Die im Widerspruchsbescheid vom 21. März 2011 verfügte Anordnung der sofortigen Vollziehung nahm der Beklagte im Verfahren S 13 SO 46/11 ER zurück und gewährte ab dem 1. April 2011 wieder Leistungen der Hilfe zur Pflege in Form von Sachleistungen. Insoweit sollten die für die Monate April bis August 2011 gezahlten Geldleistungen voll zur Deckung der anfallenden Kosten eingesetzt und der Differenzbetrag übernommen werden. Nach dem Protokoll der nichtöffentlichen Sitzung des Sozialgerichts Halle zur Erörterung der Sach- und Rechtslage in der Sache S 13 SO 46/11 ER vom 30. Juni 2011 hat die Tochter der Klägerin erklärt, selbst als Krankenpflegerin in Vollzeit und im Schichtdienst zu arbeiten. Darüber hinaus habe sie zwei 14 und 22 Jahre alte Kinder; um das minderjährige Kind müsse sie sich auch kümmern. Daher könne sie die Klägerin zumindest von montags bis freitags nicht pflegen und lediglich an Wochenenden teilweise Hilfeleistungen durchführen.
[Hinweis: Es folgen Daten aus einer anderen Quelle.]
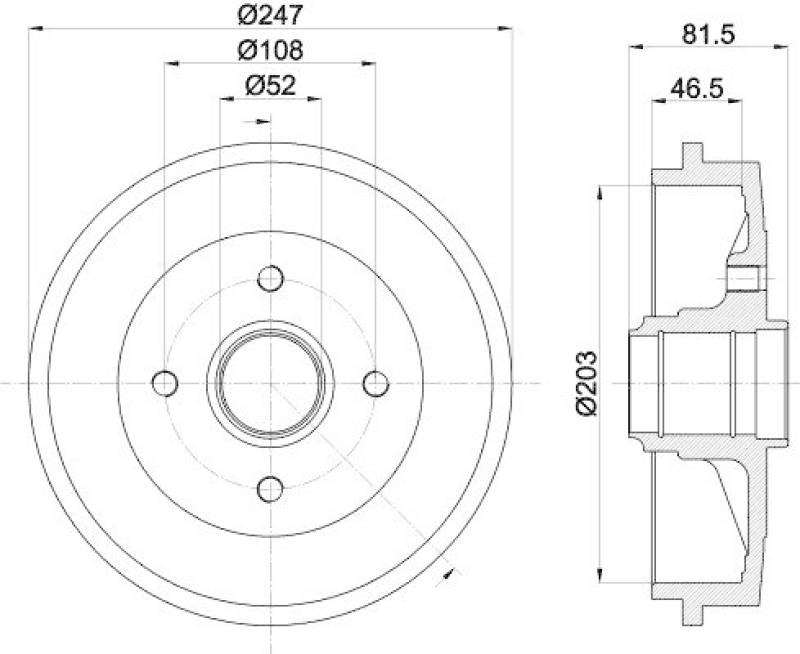 HELLA 8DT 355 300-481 Bremstrommel f&uuml;r P.S.A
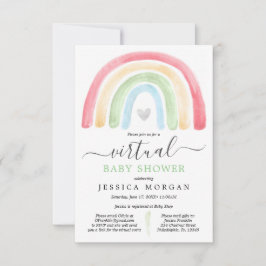 Invitación virtual de Baby Shower del Boho Rainbow
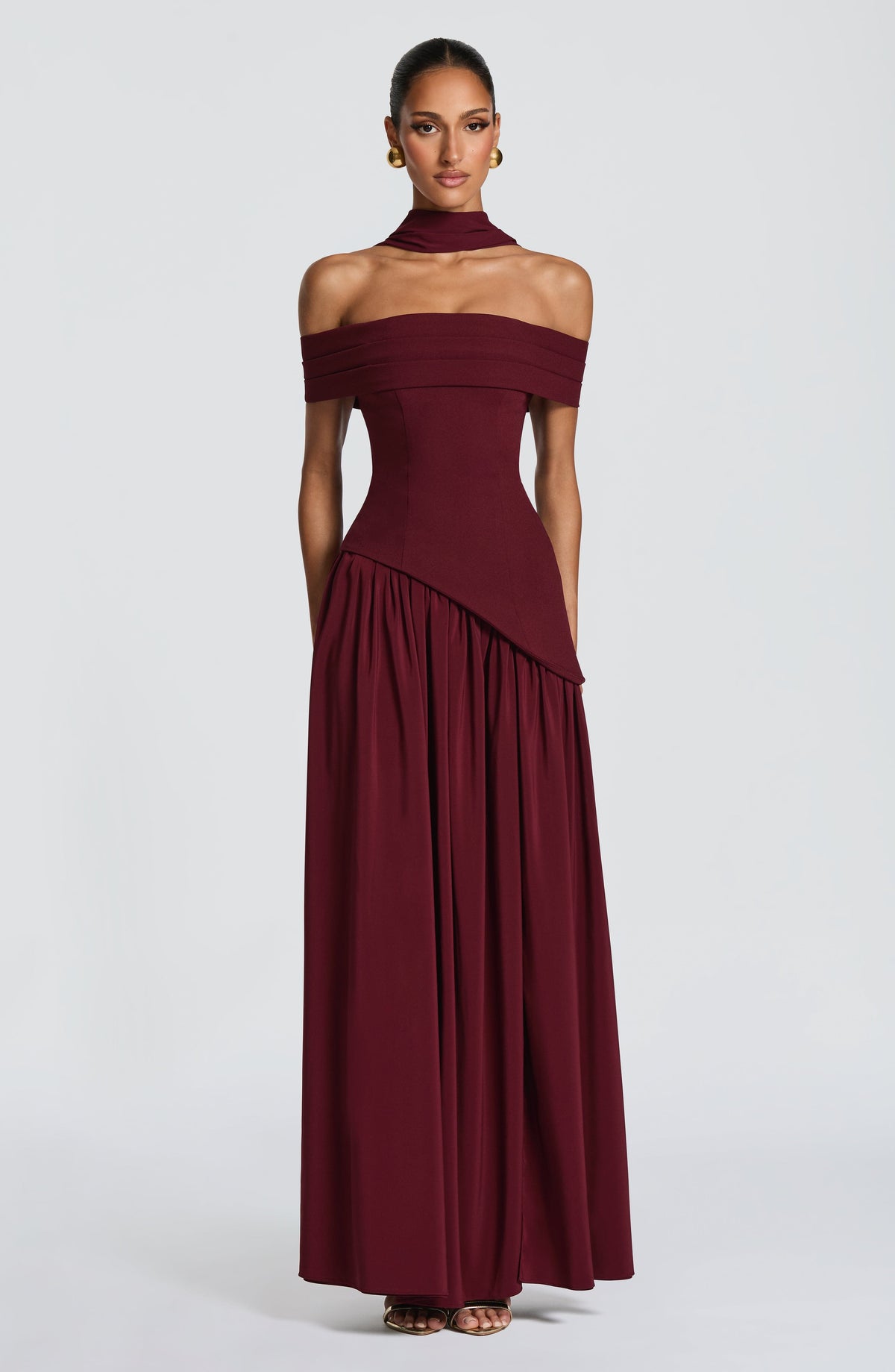 Delilah Maxi Elbise - Vişne Çürüğü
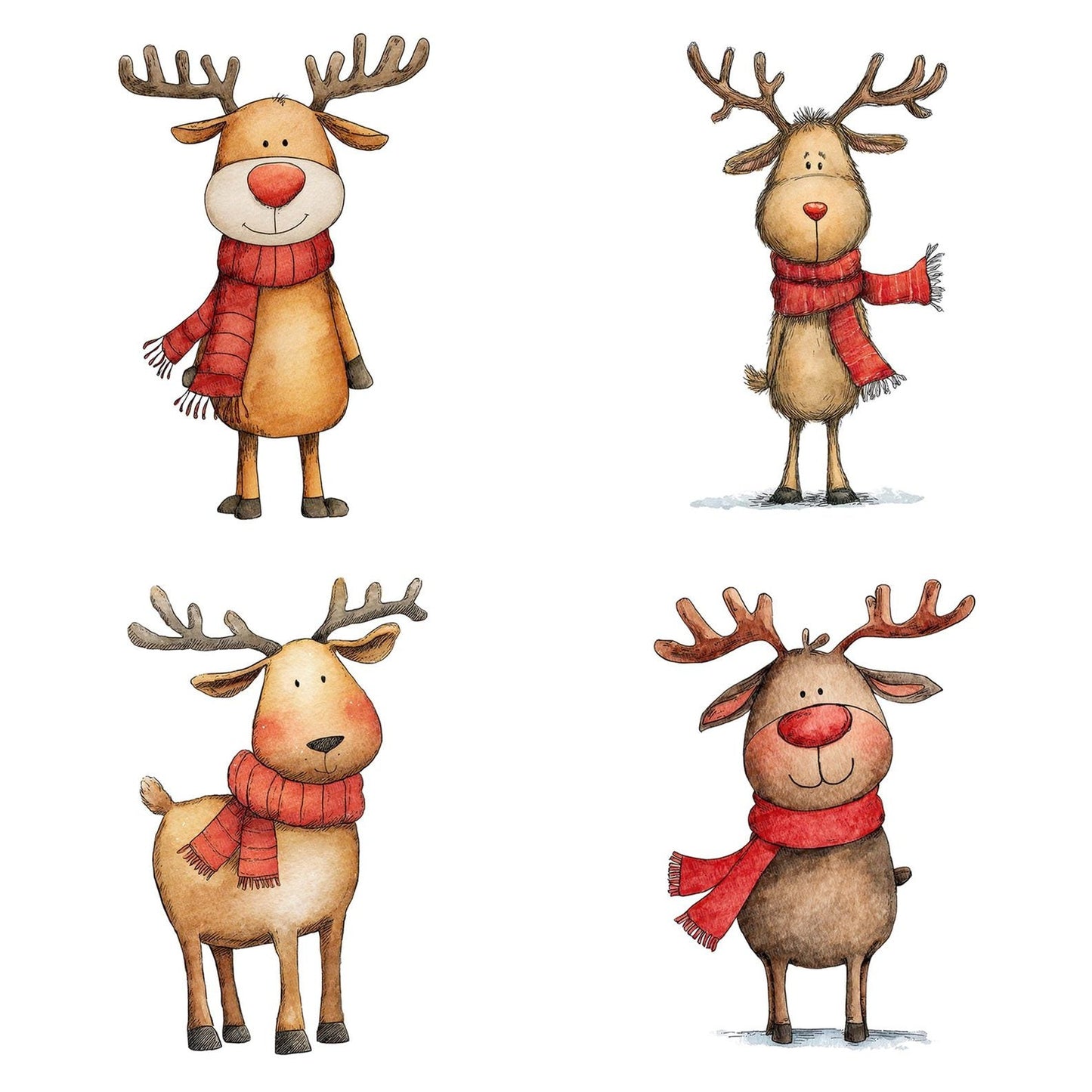Christmas Watercolour Reindeer Scarf Clipart Set (DDD004941)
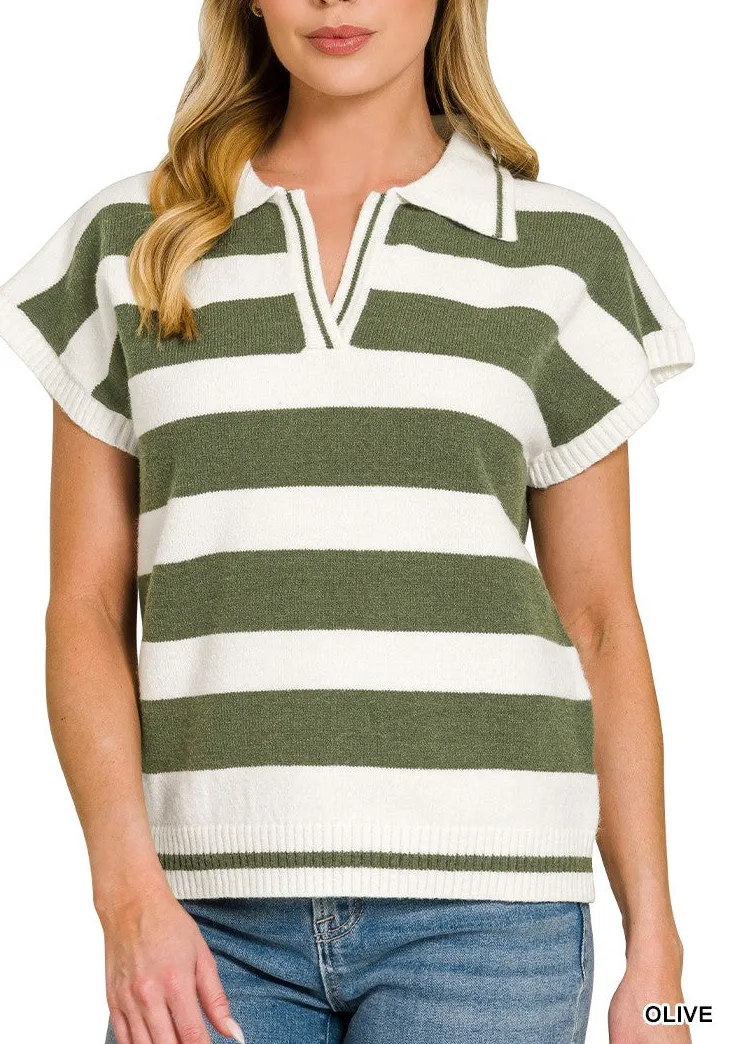 Short Sleeve Collared Striped Sweater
Mit Urteil vom 18. Juli 2012 hat das Sozialgericht Halle den Bescheid des Beklagten vom 31. August 2010 in der Gestalt des Widerspruchsbescheides vom 21. März 2011 abgeändert und den Beklagten verurteilt, der Klägerin Hilfe zur Pflege durch Übernahme der Kosten des herangezogenen Pflegedienstes hinsichtlich der Bedarfe des LK 14 (1mal wöchentlich), LK 16 (1mal wöchentlich) und LK 19 (5mal wöchentlich) zu gewähren. Im Übrigen hat es die Klage abgewiesen. Die Klägerin habe für die Zeit vom 1. Juli 2010 bis zum 30. Juni 2011 hinsichtlich der Bedarfe "Wechseln und Waschen der Wäsche und Kleidung" (LK 14), "Kleiner Einkauf" (LK 16) und "Zubereitung einer sonstigen Mahlzeit in der Häuslichkeit" (LK 19) einen Anspruch auf Hilfe zur Pflege durch Übernahme der Kosten des herangezogenen Pflegedienstes im beantragten Umfang. Der LK 19 umfasse insbesondere die Zubereitung von Speisen und das Spülen und Reinigen des Arbeitsbereichs nur in Verbindung mit dem Pflegeeinsatz. Auch dieser Bedarf bestehe bei der Klägerin gesondert. Insoweit sei der zeitliche Aufwand für die Hauswirtschaftliche Versorgung bei zwei Personen zwar geringer als bei zwei Einzelpersonen, aber auch größer als für eine Person. Es bestehe aber keine Möglichkeit, im Bereich der hauswirtschaftlichen Versorgung durch Gewährung von Sachleistungen nach der Leistungskomplexsystemvergütung Einsparungen beim zeitlichen Aufwand zu berücksichtigen.
Gegen das ihm am 5. September 2012 zugestellte Urteil hat der Beklagte am 4. Oktober 2013 Berufung beim Landessozialgericht Sachsen-Anhalt eingelegt. Er hat zunächst die Auffassung vertreten, es bestehe kein offener Bedarf. Nach der Durchführung eines Verhandlungstermins am 6. Februar 2014 - zu dem die Klägerbevollmächtigte wegen einer kurzfristigen Verhinderung nicht erschienen war - und der Unterbreitung eines gerichtlichen Vergleichsvorschlags hat der Beklagte die Berufung in Bezug auf die Verurteilung zur Hilfe zur Pflege durch Übernahme der Kosten des herangezogenen Pflegedienstes hinsichtlich der Bedarfe des LK 14 (1mal wöchentlich) sowie LK 16 (1mal wöchentlich) zurückgenommen und sie nur in Bezug auf die Verurteilung der Hilfe zur Pflege durch Übernahme der Kosten des herangezogenen Pflegedienstes hinsichtlich des Bedarfes des LK 19 (5mal wöchentlich) aufrecht erhalten. Für den LK 19 bestehe nach dem Gutachten des MDK Sachsen-Anhalt vom 13. August 2010 ein Hilfebedarf von einer Minute am Tag bei der Unterstützung der mundgerechten Zubereitung der Nahrung. Dieser äußerst geringe Hilfebedarf könne vom Beigeladenen zu 2. erbracht werden, da sich dieser die Mahlzeiten selbst zubereiten könne. Dann sei es ihm auch möglich und zudem selbstverständlich, die Klägerin dabei zu unterstützen. Die Berücksichtigung eines Bedarfs bei der Hilfe zur Pflege widerspreche dem Nachranggrundsatz.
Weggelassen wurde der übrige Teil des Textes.